In terms of the user API, deciding to favor direct data manipulation (ctx.issues.push(..)) over function calls (ctx.addIssue(..)) seems like a step back in terms of level of abstraction. To use the API you need to know that “adding an issue” requires pushing a new issue value onto a list called ctx.issues. Those details leaking out may be a benefit if the goal is to add friction and discourage users from reaching for these specific escape hatches.

In practice, we only ever use .superRefine in a few spots and the migration was painless, so let’s all just agree to calm down and see how this one plays out, ok?

Working with ZodErrors is a bit different #

Instead of error.flatten() we now have z.flattenError(error). Instead of error.format() we now have z.treeifyError(error).

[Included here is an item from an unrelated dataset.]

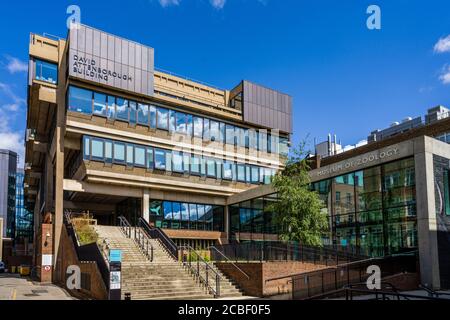 Cambridge University Museum für Zoologie - wiedereröffnet Jun 2018 nach 4 Jahr renoviert werden. Hauptgebäude ist die renovierte David Attenborough Gebäude. Stockfoto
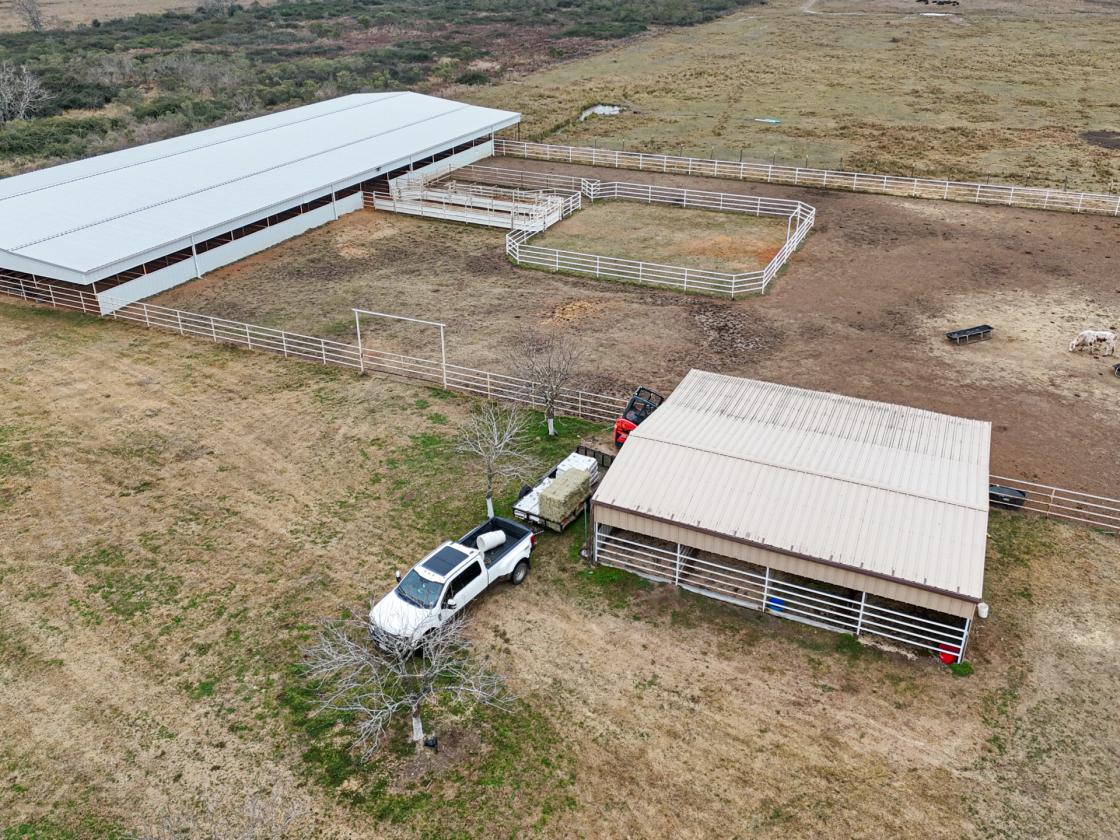 10 Acre Equestrian/Livestock Property - photo 14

If you want a nice single string that captures all the problems on a schema you can now use z.prettifyError(error) and it will pretty-print a summary of all the (possibly nested) issues like this:

✖ Unrecognized key: "extraKey"
✖ Invalid input: expected string, received number
  → at username
✖ Invalid input: expected number, received string
  → at favoriteNumbers[1]

Migrating away from .merge()? Do this: #

The deprecation message on .merge() suggets replacing it with a.extend(b.shape). However, the zod 4 documentation for .extend() goes on to say that there is another form which has better tsc performance (using destructuring):

const foo = z.object({
	foo: z.string(),
});

const bar = z.object({
	bar: z.string(),
});

// zod 3
const fooBar = foo.merge(bar);

// zod 4 (based on deprecation message suggestion)
const fooBar = foo.extend(bar.shape);

// -- just do this instead: -v

// ✅ zod 4 (best performing, according to docs)
const fooBar = z.object({
	...foo.shape,
	...bar.shape,
});

z.string() refinement helpers promoted #

A bunch of helpers that were previously on ZodString (like z.string().email()) were promoted to top-level schema types (z.email()).

With that come a few adjustments to the level of strictness for these checks. z.uuid() will now validate more strictly against RFC 9562/4122 (specifically, the variant bits must be 10 per the spec). For something a little more “UUID-ish” you can use z.guid().

z.coerce input is now unknown #

z.coerce was changed so that the inferred input type is now unknown. This makes a lot of sense and in at least one case meant that we could remove a workaround that was put in place just so that we could get a correctly inferred input type that was accurate in how permissible it was.

Case Study: tsc metrics comparison #

After having gone through this migration on a fairly large project (~100k LoC) that makes significant use of zod schemas, here are the numbers:

Well we didn’t quite hit the 100x reduction in type instantiations claimed in the zod 4 introduction but a ~14% improvement is still significant.

For this project, the inciting incident that precipitated the need to urgently prioritize these updates was a problem with a few particularly deeply nested discriminated unions. We were hitting TS2589 errors (“Type instantiation is excessively deep and possibly infinite”) when trying to use the inferred zod schema types as generic parameters to react-hook-form’s useWatch (and useForm, although you can omit it and rely on inference if you like).

This isn’t the first time we’ve invested in improving the TypeScript performance on this project and I’m sure it won’t be the last. Every effort leaves a trail of lessons, frustrations, and small joys. Come back once in a while, and I’ll tell you another story.